AutoML training classes for structured data
Vertex AI SDK includes the following classes that are used to train a structured AutoML model.
AutoMLForecastingTrainingJob
The AutoMLForecastingTrainingJob
class uses the AutoML training method to train and run a forecasting model.
The AutoML training method is a good choice for most forecasting use cases. If
your use case doesn't benefit from the Seq2seq or the
Temporal fusion transformer training method that the
SequenceToSequencePlusForecastingTrainingJob
and
TemporalFusionTransformerForecastingTrainingJob
classes offer respectively, then AutoML is likely the best training method for your forecasting
predictions.
For sample code that shows you how to use
AutoMLForecastingTrainingJob, see the Create a training pipeline forecasting sample on GitHub.
AutoMLTabularTrainingJob
The AutoMLTabularTrainingJob class
represents a job that creates, trains, and returns an AutoML tabular model.

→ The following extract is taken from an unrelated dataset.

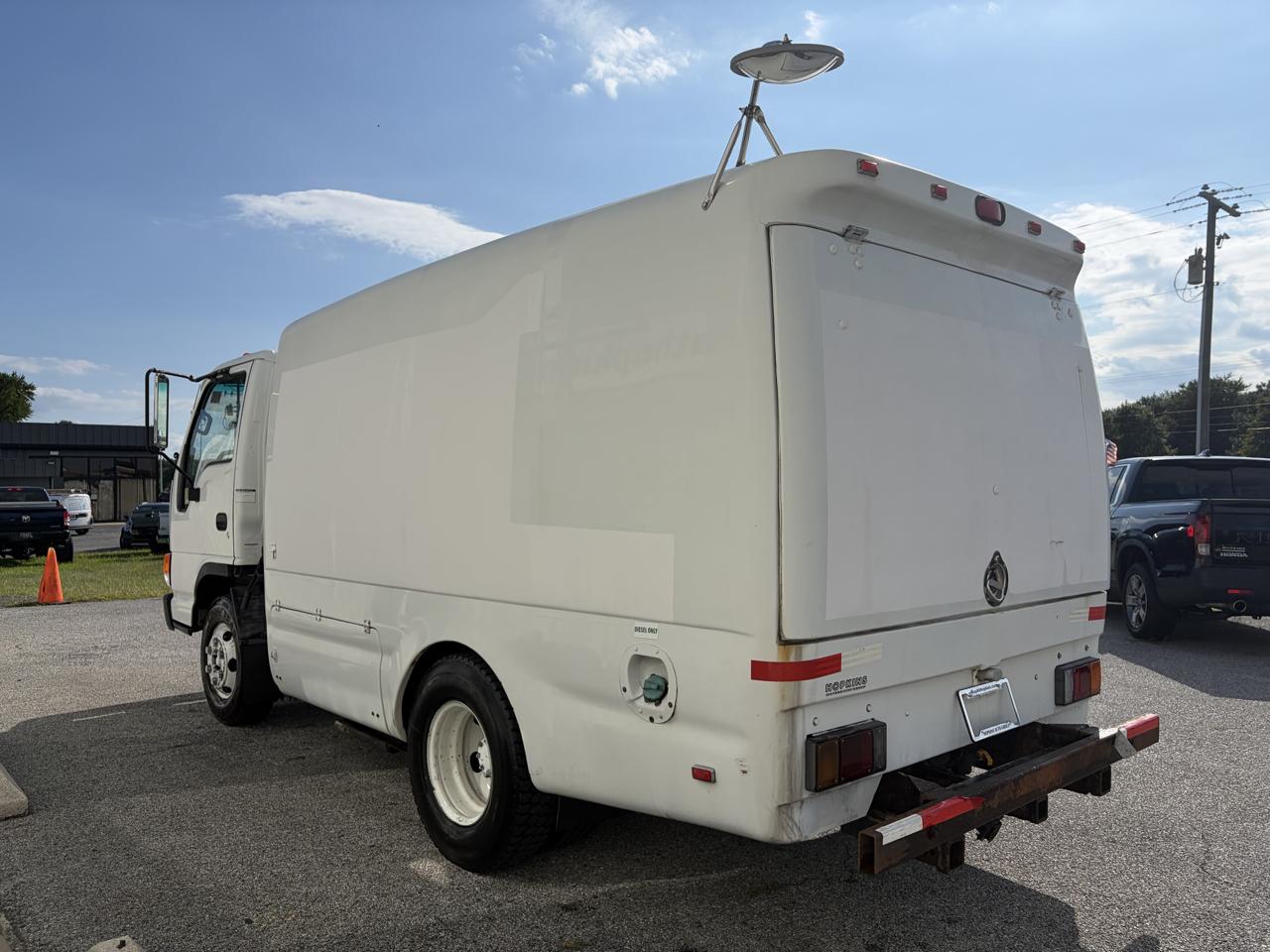 Isuzu W4S042 NPR HD DSL REG 109" WB 14500 GVWR AT OBT AIR PWL 2005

For more information about training tabular models and Vertex AI, see
Tabular data and Tabular data
overview.
The following sample code snippet shows how you might use the
Vertex AI SDK to create and run an AutoML tabular model:
dataset = aiplatform.TabularDataset('projects/my-project/location/us-central1/datasets/{DATASET_ID}')
job = aiplatform.AutoMLTabularTrainingJob(
  display_name="train-automl",
  optimization_prediction_type="regression",
  optimization_objective="minimize-rmse",
)
model = job.run(
    dataset=dataset,
    target_column="target_column_name",
    training_fraction_split=0.6,
    validation_fraction_split=0.2,
    test_fraction_split=0.2,
    budget_milli_node_hours=1000,
    model_display_name="my-automl-model",
    disable_early_stopping=False,
)
SequenceToSequencePlusForecastingTrainingJob
The
SequenceToSequencePlusForecastingTrainingJob
class uses the Seq2seq+ training method to train and run a forecasting model.

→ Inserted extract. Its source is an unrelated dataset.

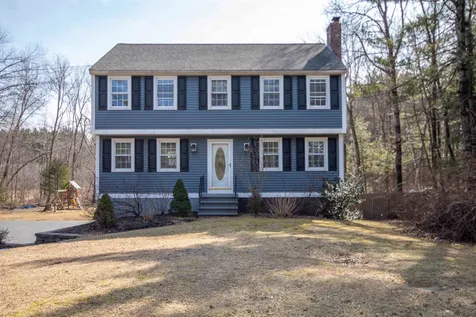 9 Bowley Drive Pelham NH 03076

The Seq2seq+ training method is a good choice for experimentation. Its
algorithm is simpler and uses a smaller search space than the AutoML option.
Seq2seq+ is a good option if you want fast results and your datasets are
smaller than 1 GB.
For sample code that shows you how to use
SequenceToSequencePlusForecastingTrainingJob, see the Create a training pipeline forecasting Seq2seq sample on GitHub.

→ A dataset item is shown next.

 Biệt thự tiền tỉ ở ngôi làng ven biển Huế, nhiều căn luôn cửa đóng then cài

TemporalFusionTransformerForecastingTrainingJob
The
TemporalFusionTransformerForecastingTrainingJob
class uses the Temporal Fusion Transformer (TFT) training method to train and
run a forecasting model. The TFT training method implements an attention-based
deep neural network (DNN) model that uses a multi-horizon forecasting task to
produce predictions.
For sample code that shows you how to use
TemporalFusionTransformerForecastingTrainingJob,
see the Create a training pipeline forecasting temporal fusion transformer
sample
on GitHub.
TimeSeriesDenseEncoderForecastingTrainingJob
The
TimeSeriesDenseEncoderForecastingTrainingJob
class uses the Time-series Dense Encoder (TiDE) training method to train and run
a forecasting model. TiDE uses a
multi-layer perceptron (MLP) to provide the
speed of forecasting linear models with covariates and non-linear dependencies.
For more information about TiDE, see
Recent advances in deep long-horizon forecasting
and this
TiDE blog post.
AutoML training classes for unstructured data
The Vertex AI SDK includes the following classes to train unstructured image models:
AutoMLImageTrainingJob
Use the AutoMLImageTrainingJob class to
create, train, and return an image model. For more information about working
with image data models in Vertex AI, see
Image data.
For an example of how to use the
AutoMLImageTrainingJob class, see the
tutorial in the AutoML image
classification
notebook.
Custom data training classes
You can use the Vertex AI SDK to automate a custom training workflow. For information about using Vertex AI to run custom training applications, see Custom training overview.
The Vertex AI SDK includes three classes that create a custom
training pipeline. A training pipeline accepts an input Vertex AI managed
dataset that it uses to train a model. Next, it returns the model after the
training job completes. Each of the three custom training pipeline classes
creates a training pipeline differently.
CustomTrainingJob uses a Python script,
CustomContainerTrainingJob uses a
custom container, and
CustomPythonPackageTrainingJob
uses a Python package and a prebuilt container.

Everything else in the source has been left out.